2020 doesn’t seem to be a good year trying to start a company :(


👤 quickthrower2
Realise this is as big and open of a question as a salesperson asking “how do I code”. So hard to know where to start!

I am still learning myself and for me selling online not face to face is the focus. I have failed a few times to get anything off the ground but technically people have paid me money so I have sold software! But usually less than the time and money I have put in.

My next move is to understand more about market validation and research, or how to get in the shoes of potential customers. Hopefully that’ll increase the chances of my next thing making money.

If you want to sell as a job rather than start a business that might be another question entirely I’ll leave that to the sales people to answer!


👤 bullen
I have no clue, but this is what I have tried, and what I'm now planning:

I built an open-source multiplayer online system; I made a game with it, together with a company that had an IP and used Unity, that sold 250.000 copies almost for free.

Now that the system was proven I tried selling it to bigger B2B clients, but failed because I didn't really want to. Instead I'm moving into making things closer to the consumer, a HTML5 client for 2D and a C+ client for 3D.

Recently I realized, if I don't have a way to charge customers the whole stack is not going anywhere so I'm now in the process of adding subscriptions through github sponsors and prepaid through itch.io.

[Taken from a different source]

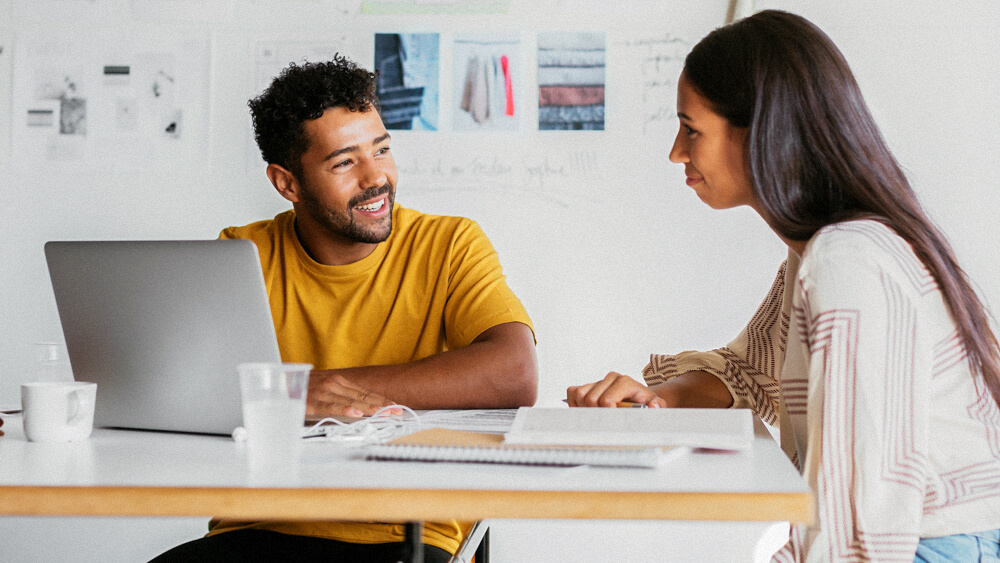 Two employees work together at a table in a meeting room.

Now my engines (2D and 3D) are nearing the point where making the games is the only remaining thing to do and getting started on that beyond solving the technical unknowns is really hard, procrastination hides in the undecided subjective details.

However I believe that the only thing you can do is to make good _finished_ products and learn. Eventually you will get a break and then you'll have to handle the other side of the coin: being successful. Which BTW is harder than most think.

The hardest part is to make the software so good that you are not ashamed of selling it. Then having the courage to actually sell it, put a price tag on the thing! The rest usually happens automatically eventually; people can sense if you want to sell things, and they will exploit that, in other words: people will buy what they can afford if they sense a good deal.

Selling works best if you are confident: the interface is proven and has little friction, but you need to figure that out manually by doing it. B2B and B2C are surprisingly similar if you remove the wrapping, it's still about "how much of your time will they take away"!

The end goal is to build something that works and makes money without taking any of your time.

TLDR: Figure out your interface so that underlying complexity can be provided simply without friction while pushing closer to the end customer!

The rest is luck.


👤 Jugurtha
The question 0. to prepend to your list is: "How to dissociate between value of something to someone and the effort to implement it?". It appears that engineers are cursed of a chronic dismissive attitude toward things that weren't hard to make, because a lot of the most valuable things were hard to make.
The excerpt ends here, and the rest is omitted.